__How to complete this task__:
Write out exactly the lines of the entries below from the one holding "Papier toilette confort" to the one holding "Weit schwingender upcyceling", inclusive, and leave out all other lines.

==== Information ====

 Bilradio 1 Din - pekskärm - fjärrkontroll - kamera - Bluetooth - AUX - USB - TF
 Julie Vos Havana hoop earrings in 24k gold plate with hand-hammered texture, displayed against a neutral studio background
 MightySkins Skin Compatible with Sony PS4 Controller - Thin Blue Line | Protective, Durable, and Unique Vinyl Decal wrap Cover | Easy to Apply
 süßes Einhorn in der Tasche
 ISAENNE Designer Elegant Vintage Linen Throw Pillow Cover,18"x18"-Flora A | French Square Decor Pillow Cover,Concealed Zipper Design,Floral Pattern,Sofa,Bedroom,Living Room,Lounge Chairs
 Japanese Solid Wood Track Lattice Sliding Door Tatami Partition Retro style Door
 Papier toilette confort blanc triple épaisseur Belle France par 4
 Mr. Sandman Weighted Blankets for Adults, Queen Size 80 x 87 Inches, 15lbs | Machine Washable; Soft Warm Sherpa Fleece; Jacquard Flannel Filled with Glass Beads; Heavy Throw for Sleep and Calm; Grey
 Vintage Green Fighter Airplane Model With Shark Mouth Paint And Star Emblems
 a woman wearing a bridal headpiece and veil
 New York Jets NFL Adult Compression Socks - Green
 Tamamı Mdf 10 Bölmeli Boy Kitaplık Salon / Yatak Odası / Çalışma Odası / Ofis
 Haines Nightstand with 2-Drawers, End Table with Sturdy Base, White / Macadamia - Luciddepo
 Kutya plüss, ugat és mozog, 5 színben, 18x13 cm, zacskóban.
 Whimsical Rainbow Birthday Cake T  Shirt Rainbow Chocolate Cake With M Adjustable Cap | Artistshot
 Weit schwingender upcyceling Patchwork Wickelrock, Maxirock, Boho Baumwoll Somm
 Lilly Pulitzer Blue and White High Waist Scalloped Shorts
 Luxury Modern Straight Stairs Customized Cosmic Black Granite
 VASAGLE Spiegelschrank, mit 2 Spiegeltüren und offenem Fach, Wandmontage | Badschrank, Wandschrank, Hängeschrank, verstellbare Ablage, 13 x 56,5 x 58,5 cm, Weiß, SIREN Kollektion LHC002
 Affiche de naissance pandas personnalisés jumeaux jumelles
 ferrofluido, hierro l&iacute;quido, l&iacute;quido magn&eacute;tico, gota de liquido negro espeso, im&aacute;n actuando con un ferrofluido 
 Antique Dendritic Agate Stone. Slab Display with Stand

====

__Response to this exercise__:
 Papier toilette confort blanc triple épaisseur Belle France par 4
 Mr. Sandman Weighted Blankets for Adults, Queen Size 80 x 87 Inches, 15lbs | Machine Washable; Soft Warm Sherpa Fleece; Jacquard Flannel Filled with Glass Beads; Heavy Throw for Sleep and Calm; Grey
 Vintage Green Fighter Airplane Model With Shark Mouth Paint And Star Emblems
 a woman wearing a bridal headpiece and veil
 New York Jets NFL Adult Compression Socks - Green
 Tamamı Mdf 10 Bölmeli Boy Kitaplık Salon / Yatak Odası / Çalışma Odası / Ofis
 Haines Nightstand with 2-Drawers, End Table with Sturdy Base, White / Macadamia - Luciddepo
 Kutya plüss, ugat és mozog, 5 színben, 18x13 cm, zacskóban.
 Whimsical Rainbow Birthday Cake T  Shirt Rainbow Chocolate Cake With M Adjustable Cap | Artistshot
 Weit schwingender upcyceling Patchwork Wickelrock, Maxirock, Boho Baumwoll Somm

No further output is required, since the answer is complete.